Mais justement… Cet enlisement dans des schémas obsolètes qu’impliquent les dérives du bloc BAO emporté par le déchaînement quasi autonome du système du technologisme implique une volonté inconsciente d’imposer à cette crise une narrative américaniste-occidentaliste (intervention humanitaire dégénérant en intervention armée et très lourde, “droitsdel’hommisme”, etc.) qui permettrait d’écarter l’incompréhension et la perception de la puissance déstructurante de l’événement de la chaîne crisique. Mais l’événement pur de la chaîne crisique, qui intervint également en Libye à l’origine, qui propose une narrative tout à fait différente de celle du bloc BAO, où la crise du Système bien plus que les vilenies du colonel Kadhafi trône en son cœur, cet événement-là n’a pas disparu pour autant. Il est même très possible, et il serait très logique qu’à l’occasion des erreurs dues au maximalisme qu’impose l’errance intellectuelle de nos dirigeants politiques et le déchaînement du système du technologisme dans l’aventure libyenne du bloc BAO, que cette narrative réapparaisse et s’impose. Cela est d’autant plus possible puisque ce maximalisme BAO s’appuie sur la pression du système du technologisme, elle-même illustrative de la crise du Système ; et la manifestation de la crise du Système, d’une façon ou l’autre, ramène à la chaîne crisique dont la justification fondamentale est justement cette crise du Système.
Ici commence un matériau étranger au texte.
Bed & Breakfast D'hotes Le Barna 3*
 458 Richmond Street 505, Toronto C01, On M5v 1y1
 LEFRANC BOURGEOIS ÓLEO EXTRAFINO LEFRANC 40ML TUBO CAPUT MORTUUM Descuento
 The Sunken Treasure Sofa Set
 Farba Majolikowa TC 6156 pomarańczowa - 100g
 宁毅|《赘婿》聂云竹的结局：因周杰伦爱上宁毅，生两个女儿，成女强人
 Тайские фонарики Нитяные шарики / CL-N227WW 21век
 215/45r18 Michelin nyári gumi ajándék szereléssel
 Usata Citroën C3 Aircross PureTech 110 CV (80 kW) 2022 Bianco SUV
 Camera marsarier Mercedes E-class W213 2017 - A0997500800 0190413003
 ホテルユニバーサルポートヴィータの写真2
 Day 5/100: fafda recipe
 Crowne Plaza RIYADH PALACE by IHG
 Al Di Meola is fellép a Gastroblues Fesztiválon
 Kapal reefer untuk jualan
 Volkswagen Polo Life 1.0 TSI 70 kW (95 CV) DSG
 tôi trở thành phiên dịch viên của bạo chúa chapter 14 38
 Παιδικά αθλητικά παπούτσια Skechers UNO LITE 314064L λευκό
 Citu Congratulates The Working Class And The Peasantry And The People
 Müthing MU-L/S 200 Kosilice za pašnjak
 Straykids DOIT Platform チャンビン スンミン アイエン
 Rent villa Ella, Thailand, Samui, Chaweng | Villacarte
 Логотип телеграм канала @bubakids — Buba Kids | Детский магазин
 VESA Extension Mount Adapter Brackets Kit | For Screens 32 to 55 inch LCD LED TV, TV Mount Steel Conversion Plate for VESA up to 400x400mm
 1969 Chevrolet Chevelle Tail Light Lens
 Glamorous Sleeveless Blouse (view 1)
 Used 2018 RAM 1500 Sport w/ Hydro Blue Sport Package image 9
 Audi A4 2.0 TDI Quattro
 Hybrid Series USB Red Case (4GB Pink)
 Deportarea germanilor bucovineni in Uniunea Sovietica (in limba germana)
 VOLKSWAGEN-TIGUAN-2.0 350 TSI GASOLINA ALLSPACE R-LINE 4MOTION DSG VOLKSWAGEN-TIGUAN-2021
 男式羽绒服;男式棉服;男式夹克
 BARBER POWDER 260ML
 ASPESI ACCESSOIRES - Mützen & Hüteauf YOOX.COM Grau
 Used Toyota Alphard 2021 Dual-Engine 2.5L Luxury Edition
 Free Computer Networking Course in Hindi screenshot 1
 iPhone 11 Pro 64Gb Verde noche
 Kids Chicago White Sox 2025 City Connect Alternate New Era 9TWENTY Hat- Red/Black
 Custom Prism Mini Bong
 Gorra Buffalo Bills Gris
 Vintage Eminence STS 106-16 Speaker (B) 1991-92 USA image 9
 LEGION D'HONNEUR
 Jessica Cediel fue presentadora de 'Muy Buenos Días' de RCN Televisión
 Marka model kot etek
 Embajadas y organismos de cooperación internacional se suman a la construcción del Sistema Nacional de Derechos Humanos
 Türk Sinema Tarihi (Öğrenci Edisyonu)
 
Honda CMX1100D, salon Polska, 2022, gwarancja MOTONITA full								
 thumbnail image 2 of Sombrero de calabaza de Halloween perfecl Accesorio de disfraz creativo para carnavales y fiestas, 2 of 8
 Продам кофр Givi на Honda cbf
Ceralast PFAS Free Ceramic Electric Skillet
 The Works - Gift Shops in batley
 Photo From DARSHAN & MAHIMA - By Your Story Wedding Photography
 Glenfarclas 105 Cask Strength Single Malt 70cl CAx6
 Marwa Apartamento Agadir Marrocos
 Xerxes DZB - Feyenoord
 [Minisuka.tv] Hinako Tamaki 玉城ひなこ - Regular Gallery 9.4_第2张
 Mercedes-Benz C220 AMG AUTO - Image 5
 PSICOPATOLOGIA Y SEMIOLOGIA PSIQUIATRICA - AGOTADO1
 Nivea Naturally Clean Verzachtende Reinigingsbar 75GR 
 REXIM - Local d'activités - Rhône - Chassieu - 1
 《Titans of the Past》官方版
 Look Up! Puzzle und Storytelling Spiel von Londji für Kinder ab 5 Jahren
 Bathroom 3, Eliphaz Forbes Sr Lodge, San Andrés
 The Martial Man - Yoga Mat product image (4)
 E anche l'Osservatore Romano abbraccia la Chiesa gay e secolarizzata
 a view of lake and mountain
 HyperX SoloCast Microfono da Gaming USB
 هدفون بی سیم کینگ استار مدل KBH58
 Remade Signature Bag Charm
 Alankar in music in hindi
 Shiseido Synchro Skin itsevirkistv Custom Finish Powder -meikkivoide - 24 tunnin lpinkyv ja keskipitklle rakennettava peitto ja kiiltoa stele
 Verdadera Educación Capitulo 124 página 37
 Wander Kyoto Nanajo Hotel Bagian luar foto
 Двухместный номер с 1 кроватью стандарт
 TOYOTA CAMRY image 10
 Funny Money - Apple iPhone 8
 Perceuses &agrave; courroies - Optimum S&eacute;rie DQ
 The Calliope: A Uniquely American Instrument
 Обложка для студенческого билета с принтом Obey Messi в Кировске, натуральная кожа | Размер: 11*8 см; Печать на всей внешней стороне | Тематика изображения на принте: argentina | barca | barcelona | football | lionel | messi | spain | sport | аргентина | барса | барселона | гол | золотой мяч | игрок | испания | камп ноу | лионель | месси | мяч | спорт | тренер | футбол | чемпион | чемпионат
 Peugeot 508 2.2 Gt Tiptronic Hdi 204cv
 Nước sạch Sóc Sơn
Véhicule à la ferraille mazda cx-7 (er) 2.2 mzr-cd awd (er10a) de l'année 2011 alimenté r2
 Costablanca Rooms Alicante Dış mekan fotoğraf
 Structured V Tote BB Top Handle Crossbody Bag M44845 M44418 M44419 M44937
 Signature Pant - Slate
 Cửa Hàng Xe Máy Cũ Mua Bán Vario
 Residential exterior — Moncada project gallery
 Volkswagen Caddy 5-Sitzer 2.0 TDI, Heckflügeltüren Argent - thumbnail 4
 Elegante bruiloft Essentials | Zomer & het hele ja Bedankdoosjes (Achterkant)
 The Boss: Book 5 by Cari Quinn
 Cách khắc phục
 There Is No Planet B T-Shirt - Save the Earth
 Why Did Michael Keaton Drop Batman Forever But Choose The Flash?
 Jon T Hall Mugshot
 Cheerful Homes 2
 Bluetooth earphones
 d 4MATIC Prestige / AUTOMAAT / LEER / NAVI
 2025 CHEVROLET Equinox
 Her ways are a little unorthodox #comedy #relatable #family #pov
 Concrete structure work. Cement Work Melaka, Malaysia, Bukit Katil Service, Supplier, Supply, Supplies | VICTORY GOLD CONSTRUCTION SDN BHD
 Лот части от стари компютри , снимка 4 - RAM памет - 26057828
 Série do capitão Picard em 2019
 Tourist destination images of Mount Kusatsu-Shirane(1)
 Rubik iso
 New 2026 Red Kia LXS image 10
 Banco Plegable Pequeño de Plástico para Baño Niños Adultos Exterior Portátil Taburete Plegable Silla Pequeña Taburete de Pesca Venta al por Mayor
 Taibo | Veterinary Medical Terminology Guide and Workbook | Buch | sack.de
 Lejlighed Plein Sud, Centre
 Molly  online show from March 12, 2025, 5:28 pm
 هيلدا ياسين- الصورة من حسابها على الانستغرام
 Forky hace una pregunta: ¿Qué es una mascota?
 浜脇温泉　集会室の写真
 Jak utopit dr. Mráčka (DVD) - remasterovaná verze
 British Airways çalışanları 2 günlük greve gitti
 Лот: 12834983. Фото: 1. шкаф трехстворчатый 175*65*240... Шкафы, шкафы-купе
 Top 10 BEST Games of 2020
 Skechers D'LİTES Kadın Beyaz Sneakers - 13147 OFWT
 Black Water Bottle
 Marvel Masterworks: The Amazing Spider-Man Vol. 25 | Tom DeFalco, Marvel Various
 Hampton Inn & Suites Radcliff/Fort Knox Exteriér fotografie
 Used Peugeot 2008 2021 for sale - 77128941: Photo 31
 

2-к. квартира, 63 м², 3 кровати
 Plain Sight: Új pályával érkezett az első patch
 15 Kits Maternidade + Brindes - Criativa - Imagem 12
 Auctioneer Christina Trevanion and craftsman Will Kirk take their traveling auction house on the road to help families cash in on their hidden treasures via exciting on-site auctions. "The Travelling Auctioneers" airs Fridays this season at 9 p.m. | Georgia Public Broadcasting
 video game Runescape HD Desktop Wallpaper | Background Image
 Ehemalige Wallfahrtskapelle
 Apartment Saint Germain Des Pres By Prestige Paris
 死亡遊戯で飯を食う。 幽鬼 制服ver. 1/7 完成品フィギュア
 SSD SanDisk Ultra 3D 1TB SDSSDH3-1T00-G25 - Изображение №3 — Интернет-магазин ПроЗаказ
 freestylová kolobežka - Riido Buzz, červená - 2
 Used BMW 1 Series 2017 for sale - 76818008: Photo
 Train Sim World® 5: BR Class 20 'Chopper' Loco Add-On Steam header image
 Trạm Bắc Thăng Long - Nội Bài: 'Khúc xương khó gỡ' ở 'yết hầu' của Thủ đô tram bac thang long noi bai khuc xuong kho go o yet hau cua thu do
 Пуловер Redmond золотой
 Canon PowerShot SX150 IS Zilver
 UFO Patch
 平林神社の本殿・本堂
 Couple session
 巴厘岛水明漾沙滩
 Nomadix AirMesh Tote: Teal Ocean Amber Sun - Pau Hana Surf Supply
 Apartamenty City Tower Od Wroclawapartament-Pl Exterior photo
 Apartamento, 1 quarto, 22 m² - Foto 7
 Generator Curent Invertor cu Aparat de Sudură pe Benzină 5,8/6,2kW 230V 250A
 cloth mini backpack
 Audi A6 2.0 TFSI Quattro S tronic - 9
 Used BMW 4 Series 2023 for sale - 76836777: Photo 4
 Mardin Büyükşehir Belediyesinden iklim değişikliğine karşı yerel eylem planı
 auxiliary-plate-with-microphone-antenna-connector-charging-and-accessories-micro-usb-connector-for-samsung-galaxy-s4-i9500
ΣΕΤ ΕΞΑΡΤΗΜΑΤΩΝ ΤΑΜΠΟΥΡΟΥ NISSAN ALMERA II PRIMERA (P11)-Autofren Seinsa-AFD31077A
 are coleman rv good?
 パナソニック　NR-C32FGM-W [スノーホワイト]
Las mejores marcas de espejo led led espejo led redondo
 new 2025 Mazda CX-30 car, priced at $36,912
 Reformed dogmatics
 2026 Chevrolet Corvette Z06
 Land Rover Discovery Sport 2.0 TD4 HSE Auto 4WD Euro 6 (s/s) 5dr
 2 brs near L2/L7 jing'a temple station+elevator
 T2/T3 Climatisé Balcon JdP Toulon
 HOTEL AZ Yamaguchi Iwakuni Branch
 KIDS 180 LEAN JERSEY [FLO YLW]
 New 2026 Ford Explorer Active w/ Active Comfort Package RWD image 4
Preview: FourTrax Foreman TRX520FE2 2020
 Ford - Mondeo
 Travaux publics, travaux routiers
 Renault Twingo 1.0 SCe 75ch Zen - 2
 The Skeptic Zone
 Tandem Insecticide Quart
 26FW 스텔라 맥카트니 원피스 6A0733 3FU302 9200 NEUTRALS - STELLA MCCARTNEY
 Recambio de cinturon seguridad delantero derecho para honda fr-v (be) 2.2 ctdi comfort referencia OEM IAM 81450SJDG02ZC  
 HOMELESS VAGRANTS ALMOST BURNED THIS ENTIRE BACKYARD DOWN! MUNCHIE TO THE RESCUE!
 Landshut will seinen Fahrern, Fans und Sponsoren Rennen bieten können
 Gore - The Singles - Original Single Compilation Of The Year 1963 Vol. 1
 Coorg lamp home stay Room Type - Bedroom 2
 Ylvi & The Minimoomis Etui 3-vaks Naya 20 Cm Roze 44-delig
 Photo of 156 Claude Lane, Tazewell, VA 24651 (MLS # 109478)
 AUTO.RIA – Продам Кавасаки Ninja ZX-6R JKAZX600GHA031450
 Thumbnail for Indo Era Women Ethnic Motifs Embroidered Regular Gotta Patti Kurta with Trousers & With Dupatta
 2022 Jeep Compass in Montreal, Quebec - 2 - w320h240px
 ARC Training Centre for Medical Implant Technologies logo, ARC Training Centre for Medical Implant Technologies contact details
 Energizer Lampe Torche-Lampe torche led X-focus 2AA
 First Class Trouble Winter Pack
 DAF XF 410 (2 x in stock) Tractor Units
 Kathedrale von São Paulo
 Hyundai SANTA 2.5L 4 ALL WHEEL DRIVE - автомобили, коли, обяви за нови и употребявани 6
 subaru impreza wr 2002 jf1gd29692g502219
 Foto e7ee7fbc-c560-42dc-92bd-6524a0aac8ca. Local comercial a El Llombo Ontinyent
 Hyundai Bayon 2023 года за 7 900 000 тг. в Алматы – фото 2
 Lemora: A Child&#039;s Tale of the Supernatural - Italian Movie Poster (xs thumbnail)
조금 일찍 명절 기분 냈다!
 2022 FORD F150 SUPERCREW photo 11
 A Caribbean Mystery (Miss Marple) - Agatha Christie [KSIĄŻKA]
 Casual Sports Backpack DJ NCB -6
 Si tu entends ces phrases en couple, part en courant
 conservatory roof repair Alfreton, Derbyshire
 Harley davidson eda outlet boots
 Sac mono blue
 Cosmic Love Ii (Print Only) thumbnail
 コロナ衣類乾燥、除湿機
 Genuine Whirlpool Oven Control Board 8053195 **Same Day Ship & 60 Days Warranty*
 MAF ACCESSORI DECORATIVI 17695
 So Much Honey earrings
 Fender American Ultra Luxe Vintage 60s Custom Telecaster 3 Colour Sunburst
Avec les maladresses et le nihilisme de la coalition, on y sera vite… Lorsque le secrétaire général de l’ONU, en visite au Caire, se fait huer, à cause de l’affaire libyenne et de l’interventionnisme occidental, par la foule égyptienne que nous avons tant adorée pour ses élans démocratiques, on comprend qu’on est fort proche d’abandonner la narrative américaniste-occidentaliste pour retrouver celle de la chaîne crisique.
On peut même imaginer que ces prolongements en amènent d’autres, encore plus intéressants… Si le bloc BAO essuie des revers par une combinaison d’emploi excessif de la puissance et d’erreurs grossières de communication, la narrative de la chaîne crisique reprendra le dessus et s’imposera aux Occidentaux et à leur coalition. Il est alors bien possible que certains dirigeants occidentaux ramènent dans leur besace, dans leur pays, directement ou indirectement, la chaîne crisique rencontrée en Libye… Directement ou indirectement ? Qu’on imagine qu’un Sarkozy, dont on suppose qu’il se redorerait son blason statistique (sondage) et pré-électoral avec l’aventure libyenne, en revienne au contraire avec un conflit boiteux et hors de son contrôle. Sa popularité s’en ressentirait fortement, son aventure deviendrait le cœur du débat de la campagne présidentielle française, la chaîne crisique s’installerait au cœur des préoccupations des Français, avec les perspectives d’interprétations qu’on imagine… Peut-être l’élection de 2012, en France certes, peut-être dans d’autres pays (aux USA, par exemple), pourrait être l’occasion d’un prolongement de la chaîne crisique du Moyen-Orient vers notre univers.